-- Problem to solve --
Give again exactly the lines that stretch from the one with "2026 Carbonized Gray" to the end of the data below, including both of those lines and nothing else.
(Supplied data Opens)
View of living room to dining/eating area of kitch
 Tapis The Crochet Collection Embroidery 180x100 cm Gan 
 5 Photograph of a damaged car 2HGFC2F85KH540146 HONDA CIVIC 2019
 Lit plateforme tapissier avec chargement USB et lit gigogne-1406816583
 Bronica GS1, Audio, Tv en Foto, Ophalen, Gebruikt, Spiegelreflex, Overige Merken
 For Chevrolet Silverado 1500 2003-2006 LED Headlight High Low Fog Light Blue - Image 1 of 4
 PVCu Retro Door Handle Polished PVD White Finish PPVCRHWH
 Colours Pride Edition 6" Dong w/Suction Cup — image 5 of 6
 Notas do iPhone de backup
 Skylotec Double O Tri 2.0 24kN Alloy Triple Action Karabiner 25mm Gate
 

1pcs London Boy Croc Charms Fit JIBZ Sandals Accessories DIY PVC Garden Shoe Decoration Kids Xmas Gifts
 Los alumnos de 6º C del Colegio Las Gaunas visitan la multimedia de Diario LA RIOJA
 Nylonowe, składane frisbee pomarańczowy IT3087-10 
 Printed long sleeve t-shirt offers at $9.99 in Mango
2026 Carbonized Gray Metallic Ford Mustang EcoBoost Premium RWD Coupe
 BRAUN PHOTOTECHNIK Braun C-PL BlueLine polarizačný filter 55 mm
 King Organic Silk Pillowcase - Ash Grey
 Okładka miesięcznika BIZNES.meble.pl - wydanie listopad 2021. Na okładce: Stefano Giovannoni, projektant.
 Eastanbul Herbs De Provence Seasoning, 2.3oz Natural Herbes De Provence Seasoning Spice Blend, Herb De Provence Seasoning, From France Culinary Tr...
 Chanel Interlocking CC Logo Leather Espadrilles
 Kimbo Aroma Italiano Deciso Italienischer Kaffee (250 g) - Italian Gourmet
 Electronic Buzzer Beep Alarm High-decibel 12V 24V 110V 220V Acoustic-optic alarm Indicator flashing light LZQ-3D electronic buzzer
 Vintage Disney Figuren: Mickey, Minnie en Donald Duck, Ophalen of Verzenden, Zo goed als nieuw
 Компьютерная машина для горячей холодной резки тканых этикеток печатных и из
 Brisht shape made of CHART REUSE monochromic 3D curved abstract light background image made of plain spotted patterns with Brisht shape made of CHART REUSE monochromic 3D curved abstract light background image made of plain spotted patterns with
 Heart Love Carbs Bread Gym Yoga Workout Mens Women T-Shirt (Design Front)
(Supplied data Closes)
-- Written reply --
2026 Carbonized Gray Metallic Ford Mustang EcoBoost Premium RWD Coupe
 BRAUN PHOTOTECHNIK Braun C-PL BlueLine polarizačný filter 55 mm
 King Organic Silk Pillowcase - Ash Grey
 Okładka miesięcznika BIZNES.meble.pl - wydanie listopad 2021. Na okładce: Stefano Giovannoni, projektant.
 Eastanbul Herbs De Provence Seasoning, 2.3oz Natural Herbes De Provence Seasoning Spice Blend, Herb De Provence Seasoning, From France Culinary Tr...
 Chanel Interlocking CC Logo Leather Espadrilles
 Kimbo Aroma Italiano Deciso Italienischer Kaffee (250 g) - Italian Gourmet
 Electronic Buzzer Beep Alarm High-decibel 12V 24V 110V 220V Acoustic-optic alarm Indicator flashing light LZQ-3D electronic buzzer
 Vintage Disney Figuren: Mickey, Minnie en Donald Duck, Ophalen of Verzenden, Zo goed als nieuw
 Компьютерная машина для горячей холодной резки тканых этикеток печатных и из
 Brisht shape made of CHART REUSE monochromic 3D curved abstract light background image made of plain spotted patterns with Brisht shape made of CHART REUSE monochromic 3D curved abstract light background image made of plain spotted patterns with
 Heart Love Carbs Bread Gym Yoga Workout Mens Women T-Shirt (Design Front)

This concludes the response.